## WHAT YOU NEED TO DO
Output every line below exactly, please, omitting pictures.

## DATA PROVIDED

* * *

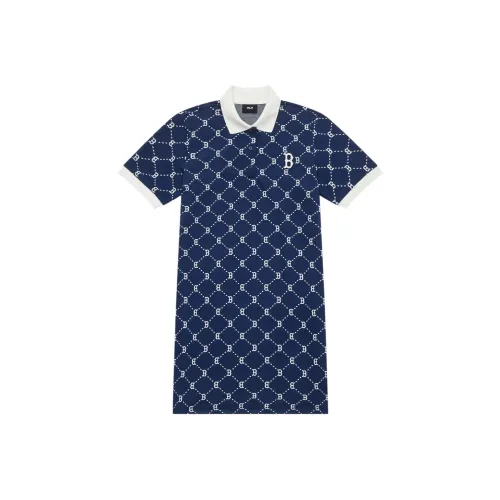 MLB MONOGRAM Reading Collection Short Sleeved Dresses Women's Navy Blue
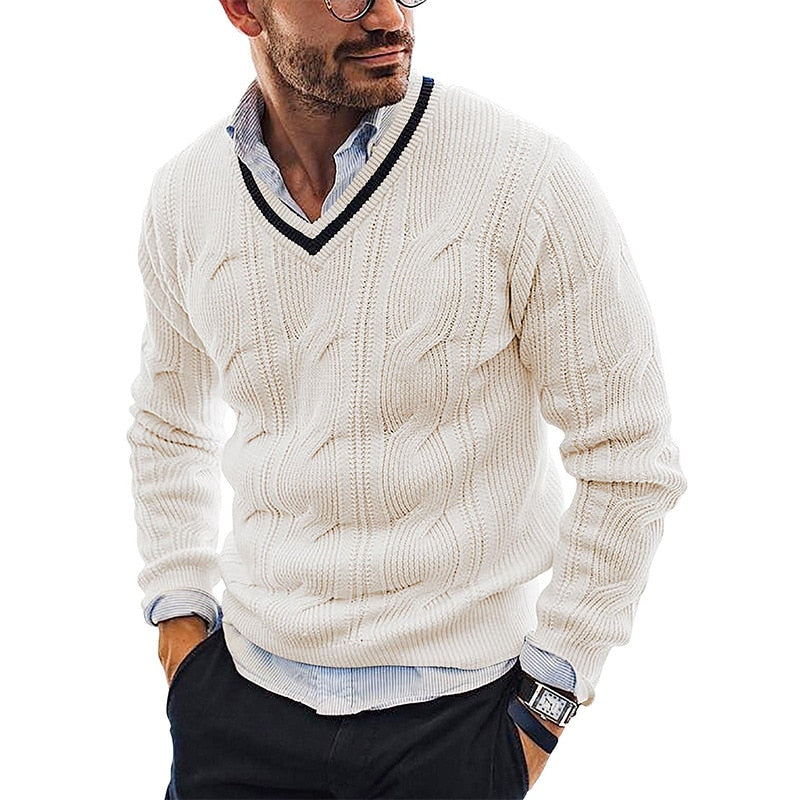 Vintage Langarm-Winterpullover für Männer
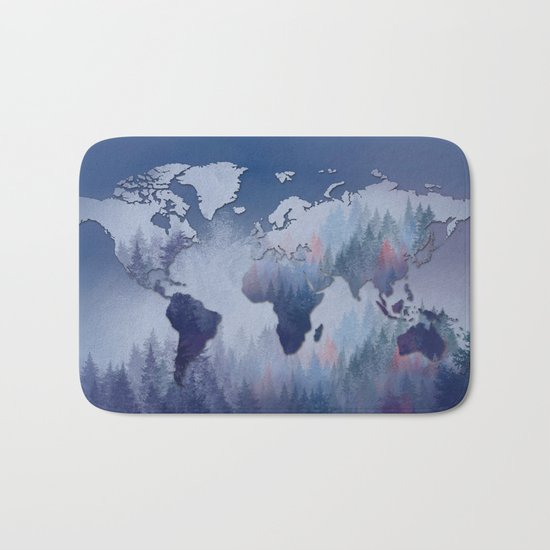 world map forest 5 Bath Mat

* * *

## TASK SOLUTION
 MLB MONOGRAM Reading Collection Short Sleeved Dresses Women's Navy Blue
 Vintage Langarm-Winterpullover für Männer
 world map forest 5 Bath Mat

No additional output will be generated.